C’est à un homme comme lui que l’on doit la mort certaine de la politique. Pour être plus juste, à ceux qui ont fait de lui un phénomène et l’ont gonflé. Certes , Ilyas El Omari est un homme attachant. Et, à l’heure où ceux qui l’encensaient avant les élections sont ceux qui s’acharnent contre lui aujourd’hui, nous ne voulons pas gonfler les rangs des aiguiseurs de couteaux quand la vache est à terre. Mais il y a des limites à l’indécence. Le voilà victorieux, descendant de l’avion du Onze national, enveloppé dans notre beau drapeau, avec les caméras de nos chaînes publiques braquées sur lui. Ces mêmes chaînes — il est utile de le rappeler — qui relèguent à l’oubli ceux qui ne sont pas en odeur de sainteté auprès du Palais. La presse a fait ses choux gras de l’arrivée d’El Omari, copain comme cochon avec le président de la Fédération, Fouzi Lekjaâ, après la victoire de notre sélection en Côte d’Ivoire. Un mélange des genres conduisant beaucoup à se demander légitimement à quel titre le patron du PAM a-t-il eu droit à un tel traitement ?
Tout cela, nous le savons, n’est que rhétorique. Nous pouvons énumérer beaucoup d’autres questions comme celle-là. Par exemple, comment se fait-il que celui qui a présenté « Al Hoceïma, Manarat Al Moutawassit » devant le roi, bénéficiant de facto d’un coup de projecteur incroyable pour lancer des programmes pour 6,5 milliards de dirhams, président d’une région agitée depuis un an, Rifain en chef attitré, soit épargné par les foudres du Palais ? Bien sûr, Ilyas El Omari est un élu, il ne peut être défait si l’on s’en tient à la Constitution. Mais à voir sa proximité avec certains responsables publics, des patrons, son apparition à la télévision publique, sa démission puis son retour au PAM… il ne fait pas mauvais d’être lui dans le Maroc d’aujourd’hui.
Si notre scène politique s’autorégulait et était régie par une règle de sélection naturelle, Ilyas El Omari aurait soit disparu soit se serait sérieusement mis au travail. Rappelons-le, il est quand même à la tête d’un parti d’opposition qui a plus d’une centaine de sièges au parlement. Plus que n’aurait jamais souhaité n’importe quel autre parti traditionnel, hors PJD. Au lieu de mener un travail de fond, se positionner sur des sujets majeurs pour l’avenir et le bien-être des populations, jouer un vrai rôle d’opposition, préparer sur le terrain l’échéance de 2021, le PAM hiberne. Partira, partira pas… est la seule question majeure qui traverse un parti qui, finalement, n’a été, sans grande surprise, qu’une machine électorale.

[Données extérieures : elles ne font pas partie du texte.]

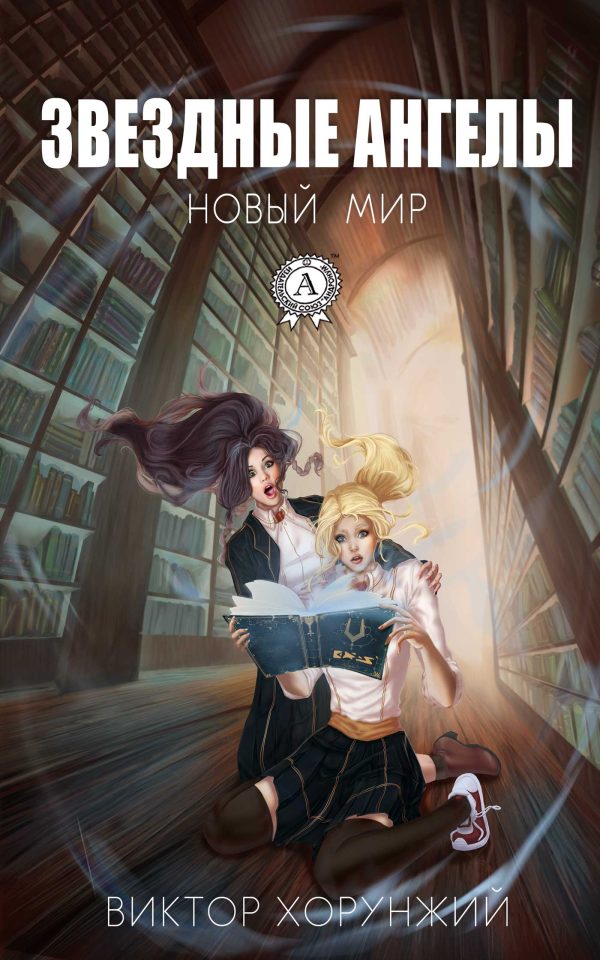 Обложка книги «Звездные ангелы. Новый мир»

Au lieu de s’intéresser donc à la politique, à la chose publique, chacun questionne : Ilyas El Omari est-il toujours puissant ? Est-il en train de renaître de ses cendres ? Dans les salons feutrés, on rapporte une histoire — peut-être une légende — où l’homme fort du Rif aurait réveillé un ministre au beau milieu de la nuit pour lui demander de lui apporter des cigarettes. Ça se gausse et nous nous désolons devant cette scène politique vidée de son sens, entre l’incompétence doublée d’une idéologie liberticide des uns, et l’influence autoritaire, intimidante et gracieusement accordée des autres. Les idées des marionnettistes ne sont pas toutes bonnes et il serait temps, non pas de le reconnaître — ne rêvons pas —, mais d’abandonner les mauvaises.